Dr. Shaul Shay, Forschungsdirektor des Instituts für Politik und Strategie am Interdisziplinären Zentrum Herzlia, vermutet, dass das Schweigen in Damaskus, in Moskau und auch in Teheran als „Warteperiode“ zu interpretieren sei, „bis man eine Entscheidung trifft“. Keiner der drei Staaten wünsche sich derzeit einen Krieg, dennoch „stecken alle drei in einer problematischen Situation“.

Moskau hatte im Vorfeld der von den USA geleiteten Luftangriffen am 14. April harte Gegenmaßnahmen angekündigt. Teheran wiederum drohte mit Rache für die Bombardierung des T-4-Luftwaffenstützpunktes. Vorläufig bleiben Vergeltungsschläge aus.
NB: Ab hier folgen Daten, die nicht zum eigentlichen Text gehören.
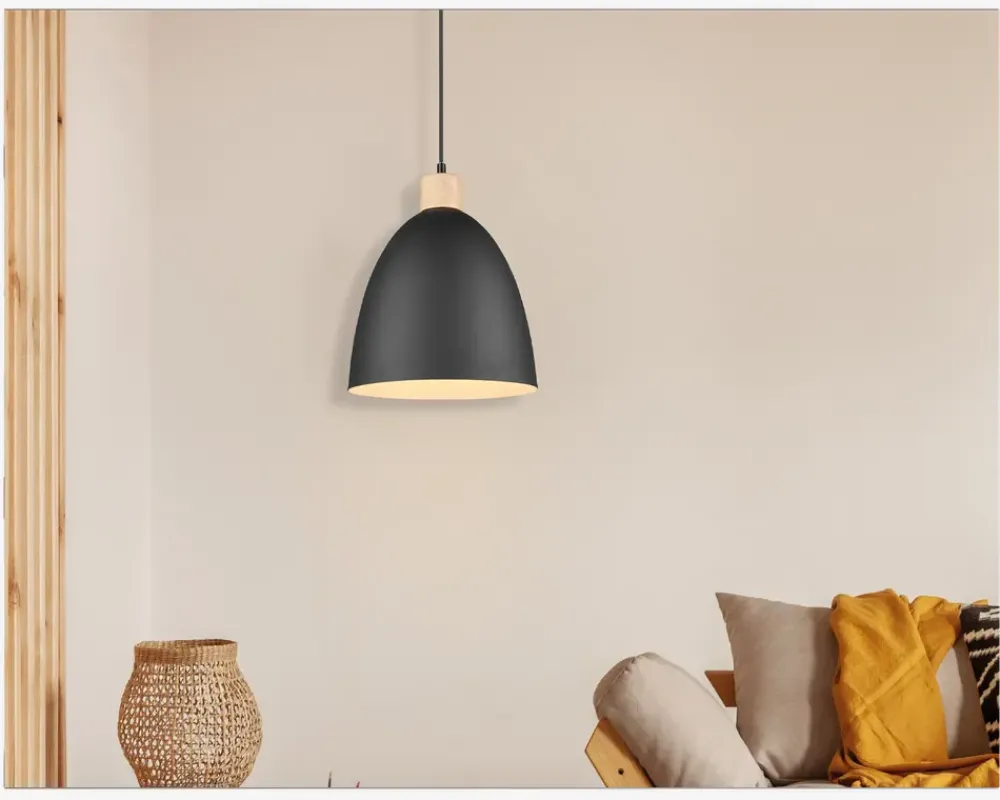 Daells Bolighus Loftlampe Jagger Sort Ø.25 cm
Auch Syriens Präsident Baschar al-Assad, „bei dem alles stattfindet“, werde früher oder später reagieren müssen. Shay, der Experte für globalen Dschihad ist, warnt vor einem Kontrollverlust und einer unerwünschten Eskalation, „bei der niemand gewinnen kann“.

Stichtag 12. Mai

Für Teheran könnte der Stichtag 12. Mai mit Grund dafür sein, einen Rachefeldzug gegen Israel aufzuschieben. Dann endet das Ultimatum von US-Präsident Donald Trump für das Iran-Abkommen. Präsident Hassan Ruhani will zwar unter keinen Umständen Änderungen am Atomabkommen zulassen. Eine Wiederaufnahme der Sanktionen seitens der USA wäre jedoch ein harter Schlag für die heimische Wirtschaft. Ruhani zögert möglicherweise damit, Trump aktuell zusätzlich zu provozieren.

Das Weiße Haus zieht in dieser Frage mit Israel am gleichen Strick. „Wir lehnen das Iran-Abkommen so vehement ab, weil es Iran den Weg zum Nuklear-Arsenal öffnet“, erklärte Netanjahu, der am Sonntag in Tel Aviv mit US-Außenminister Mike Pompeo beriet.

Pompeo stärkte dem israelischen Regierungschef den Rücken. „Unsere Sorge gilt der gefährlichen Eskalation durch den Iran und Bedrohungen gegen Israel und die Region“, versicherte er ihm.

Nach Ansicht von Amos Harel, militärischer Analyst der Tageszeitung Haaretz, könnte es sogar noch vor dem 12. Mai zu einer Eskalation des Konflikts kommen. „Die Woche hat gerade erst angefangen“, schrieb Harel am Montag.

Waffenlager aufgestockt

Eine direkte Konfrontation würde umgehend auch die libanesischen Hisbollah-Schiiten einbeziehen, die vom Iran finanziert werden. Seit dem letzten Krieg vor zwölf Jahren hat die Hisbollah ihr Waffenlager auf über 100.000 modernste Raketen aufgestockt.

Damit könnte die schiitische Terrororganisation jeden Punkt in Israel erreichen. „Auch die israelische Armee ist seither stärker geworden“, meint Militärexperte Shay. Dennoch werde der nächste Krieg an Israels Nordgrenze „sehr großen Schaden mit sich bringen“.